Where the string "Image" occurs in the material below, report the whole line.

[Opening Dataset section]

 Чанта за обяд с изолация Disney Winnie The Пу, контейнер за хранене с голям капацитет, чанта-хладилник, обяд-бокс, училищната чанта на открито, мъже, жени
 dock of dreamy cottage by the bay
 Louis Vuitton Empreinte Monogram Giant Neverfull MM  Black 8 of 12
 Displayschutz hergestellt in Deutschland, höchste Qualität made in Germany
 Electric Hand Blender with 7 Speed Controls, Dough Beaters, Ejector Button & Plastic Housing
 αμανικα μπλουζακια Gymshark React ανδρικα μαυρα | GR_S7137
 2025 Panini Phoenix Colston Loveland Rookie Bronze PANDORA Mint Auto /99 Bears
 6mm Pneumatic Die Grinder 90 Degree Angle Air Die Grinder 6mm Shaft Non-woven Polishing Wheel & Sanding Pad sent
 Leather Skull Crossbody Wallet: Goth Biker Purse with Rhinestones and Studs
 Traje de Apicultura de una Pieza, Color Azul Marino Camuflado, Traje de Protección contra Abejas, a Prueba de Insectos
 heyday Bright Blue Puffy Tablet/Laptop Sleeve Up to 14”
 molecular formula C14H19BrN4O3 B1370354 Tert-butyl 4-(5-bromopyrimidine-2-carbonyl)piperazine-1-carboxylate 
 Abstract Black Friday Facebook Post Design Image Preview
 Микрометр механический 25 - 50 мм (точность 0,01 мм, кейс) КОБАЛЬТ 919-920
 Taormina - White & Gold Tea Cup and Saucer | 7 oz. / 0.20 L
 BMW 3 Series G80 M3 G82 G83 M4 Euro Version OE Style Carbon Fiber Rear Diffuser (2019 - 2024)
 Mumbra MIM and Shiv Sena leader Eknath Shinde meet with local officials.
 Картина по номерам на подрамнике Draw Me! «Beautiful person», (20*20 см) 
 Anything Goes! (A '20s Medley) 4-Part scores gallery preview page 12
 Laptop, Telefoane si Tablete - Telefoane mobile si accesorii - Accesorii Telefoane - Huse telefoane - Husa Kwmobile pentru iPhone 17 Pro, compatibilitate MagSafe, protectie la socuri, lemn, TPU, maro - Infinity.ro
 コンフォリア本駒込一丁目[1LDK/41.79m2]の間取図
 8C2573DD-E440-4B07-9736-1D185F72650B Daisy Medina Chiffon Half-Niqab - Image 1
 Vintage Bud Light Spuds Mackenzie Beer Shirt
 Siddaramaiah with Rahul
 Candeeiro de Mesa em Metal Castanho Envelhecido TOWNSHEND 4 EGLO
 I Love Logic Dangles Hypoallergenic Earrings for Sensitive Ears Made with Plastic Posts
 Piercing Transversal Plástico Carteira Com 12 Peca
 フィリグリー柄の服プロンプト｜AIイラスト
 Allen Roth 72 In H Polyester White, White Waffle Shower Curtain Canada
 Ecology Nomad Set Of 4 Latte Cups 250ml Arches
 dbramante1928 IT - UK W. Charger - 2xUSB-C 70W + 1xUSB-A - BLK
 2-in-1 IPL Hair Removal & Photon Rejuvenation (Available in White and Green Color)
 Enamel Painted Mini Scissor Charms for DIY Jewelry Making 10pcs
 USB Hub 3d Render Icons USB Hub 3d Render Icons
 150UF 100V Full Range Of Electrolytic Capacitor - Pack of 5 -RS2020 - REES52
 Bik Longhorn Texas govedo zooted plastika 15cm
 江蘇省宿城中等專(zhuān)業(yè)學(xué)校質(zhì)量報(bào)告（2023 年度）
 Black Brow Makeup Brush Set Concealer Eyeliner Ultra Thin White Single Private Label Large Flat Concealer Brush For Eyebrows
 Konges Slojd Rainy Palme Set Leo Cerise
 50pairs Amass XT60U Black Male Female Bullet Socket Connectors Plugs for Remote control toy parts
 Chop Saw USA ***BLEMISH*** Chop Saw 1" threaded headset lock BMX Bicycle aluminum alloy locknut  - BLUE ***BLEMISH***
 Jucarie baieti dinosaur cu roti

[Closing Dataset section]

| Reply to the task |
 Abstract Black Friday Facebook Post Design Image Preview
 8C2573DD-E440-4B07-9736-1D185F72650B Daisy Medina Chiffon Half-Niqab - Image 1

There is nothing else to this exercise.